The article noted that the Haymarket’s “twisting streets and odd-sized lots made the area almost impenetrable to commerce and progress.” (A different logic, then, must have led to demolishing all of the commercial buildings on Fifth Street.)
In addition, the residential “slums” were “filled with small, cramped houses” and had become “dreary and disreputable.”
Despite justifications appealing to the living conditions of residents, the results of urban renewal were presented solely in economic terms. Razing the homes and replacing them with a high-rise apartment, new office buildings and a $6 million U.S. post office led to 50% increase in tax value.
But the relocation of former residents was criticized by many, including Rev. David F. Johnson who “had heard of many persons who moved from the Haymarket to the adjacent Bomberger neighborhood without improving their living conditions.”
Johnson said that the “the people who needed relocation services the most apparently got the least help. They made a ready market for the slum landlords around here.”
The article also explained that although the current project was moving towards a conclusion, the neighboring Burns-Jackson neighborhood was “still-untreated.”
Fortunately, it would eventually be saved from that “treatment” by a grassroots effort that kicked off the historic preservation movement in the area.
Sources
“Urban Renewal Show Ending – Project Lauded, Criticized.” Journal Herald. Oct. 13, 1969.

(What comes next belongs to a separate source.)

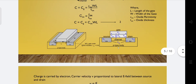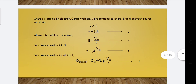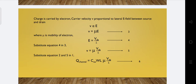Charge is carried by electrons. The carrier velocity V is proportional to the lateral electric field E between source and drain, so V equals mu times E (equation 3), where mu is the mobility of the carrier. The lateral electric field E equals VDS divided by L (equation 4). Substituting E into equation 3, we get V equals mu times VDS divided by L (equation 5).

Sanborn Fire Insurance Maps
Ellenmarie Wahlrab says
I really appreciate reading the thoughts of residents/community leaders at the time of the “renewal” of the Hay Market area. I am grateful to those with the vision and commitment that saved the Oregon District from a similar fate. I wonder how choices we are making now in the housing going in downtown so very quickly may look to us some years down the road.
Ted Wendeln says
Jane Jacob’s of NYC was the lone voice in the wilderness in the early 60s (The Death and Life of Great American Cities, 1961). She stood for maintaining neighborhoods and keeping eyes in the streets. She fought against highrise storage of the poor and the devastating cuts of the highway systems that were routed through our cities. US 35 and I-75 did irreparable damage to Dayton. Could Haymarket been saved probably not. Dayton now has 110,000 residents in 1960 there were 250,000+. Just as the area between Salem and N. Main has become sparsely populated, Haymarket most likely would have suffered the same fate.
Andrew Walsh says
Great points, and I love that you referenced Jane Jacobs as I actually quote the very book in some of my presentations about the Haymarket! “There must be eyes upon the street, eyes belonging to those we might call the natural proprietors of the street. The buildings on a street equipped to handle strangers and to insure the safety of both residents and strangers, must be oriented to the street.”